2. The eagerness of even liberal, moderate reformers to ally with the Brotherhood. Egypt is the only country in the Arab world (there are some exceptions, like the Syrian Brotherhood’s membership in the opposition coalition, but they are far more limited) where the reformers saw no problem to viewing the Brotherhood as allies against the existing regime. The April 6 Youth Movement, the “Facebook kids,” were closely cooperating with the Brotherhood. Muhammad ElBaradei was willing to be their poodle until the two sides quarreled. The Wafd Party is in partnership with the Brotherhood as are many other elements.

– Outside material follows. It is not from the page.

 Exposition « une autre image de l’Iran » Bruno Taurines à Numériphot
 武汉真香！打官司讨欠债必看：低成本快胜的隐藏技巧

3. The belief that the Brotherhood will protect people from the Salafists. Talk about wishful thinking! Of course, there is an element of truth here. The Brotherhood might reduce the level of violence but that’s only because it believes that victory can be achieved without it and they are also willling to Islamize the country more slowly. Still, I’ll bet that Brotherhood members aren’t going to put up their fists to defend Christians, secularists, or women who don’t toe the line from Salafist attack.

What is happening is that some spray paint a picture of a cross and crescent labelled “almaniya” (secularism) which Islamists overspray with the slogan “Islamiya.” (Islamic country). But we have no idea, of course, how many of the spraypainters are Muslims.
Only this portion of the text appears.